Many a would-be would be shot through with renewed vigour were they to peek at a first draft of anything in the canon, says theory. But would not they also realise, in one terrible moment, that inspiration can never circumvent Hard Work? There the fun rushes from their face and the doubts creep solemnly in: a flash that proves fruitless is still only a flash; months, years, that's where you want to be damn sure going in. It's supposed to bloody pour— I canvased this to erstwhile author Ben and was treated to a little of his insides.
"Listen, man, you can't be thinking about that kind of thoughts. You just got to write. It's fact. People who think don't write."
"Yeah, that's good, man, I get ya, but that's like theory — not really. It's theoretics. You can say write, and you said it, and thank you, but what does it actually mean in practice?"
"No no, it's got to be real straight-off. You've got to be thinking 'This is it' all the time, you dig? Not thinking thinking, just 'This is it'."
"I see, I see. But I don't quite get what you're getting at."
"Write, plain and simple."
"Write plain and simple?"
"Yes! Put it on paper, punch it. Get it down. You got me?"
"I got you. I just don't know what you mean."
This went on for some time before we both finally agreed that the best thing to do was do.

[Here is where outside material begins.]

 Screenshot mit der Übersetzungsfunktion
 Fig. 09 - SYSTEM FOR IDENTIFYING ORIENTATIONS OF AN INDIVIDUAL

Let's say a wave of energy whose momentum needs not the p-promise of pay or prestige to proceed. Returning, as if from a dream, the feeling-guilty translateur denies authorship and claims to be little more than a go-between; the craftsman who has fought for every word wants credit for every word, too. Is there something better betwixt the two? The K-to-the-A-to-the-Other-Five-Letters, though busy at an autoclave, did find an answer: "Maybe." And so I stayed, the truth in my heart and the weather on my face.

Wednesday, February 18, 2009

What Happened Today

As a show of solidarity, I shall break, one time, from tradition, and speak to you from outside the bubble, desnudo. No jokes, no japes — no bloody sleeves. Tonight exclusive the gorge that divides us is bridged by hope and balsa, and we meet me in the middle. Good will, passed from his mouth to my fingers, shall prop us. Cynicism, that useless thing, will writhe unattended in the meanwhile, failing to be heard over cheers and smiles. Hm? Well, I didn't say anything about it being any clearer — part memory, and Harry will forgive the paraphrasing, but it's all in aid of the message. So let it ring.

It was one day at 5.30. The tide wandered and the sky put on a show. I sat accompanied. Tomorrow, such things will fade in the light of new hassles. So it's to be. One wonders how a girl's gonna sing all her songs when the world's gone wild, and then one wonders why one wonders that. But it's more or less plain: today's a something that won't likely repeat. It's a new world new again, and for the moment we'll care not if it goes backwards after this. Profound thoughts, about as profound as anybody's, sail neatly here, and seem for a moment the epiphany that precedes new happiness.

Sensibly footed, our heroine strolls through the celebration, sense and poise present as ever. Most have the wrong idea about what's being celebrated (please, that was months ago), but not she, the so-called, still-hot smoking gun nesting in her evidence drawer. She turns; the butterflies on itchy fabric, not pajama-like, are feared throughout the criminal world, and a car screams away. Later, in a dorm room, this:
"How do you put someone on a wolverine?" wondered Harry, when the record finished.
"It's probably Smart-Arse for something," I said.
His chin disappeared for a moment into the fat of his neck and I took it to be a nod.
"But that Datura idiot is a complete songwriting genius," he added elliptically. "Now I sleep."
And he began to. Seizing the moment, I wrote "1 Fat Australian — I fuck anything" on his bare back then retired alongside. His warmth was pleasing, in a bean-bag kind of way. But I wished to hell he was someone else.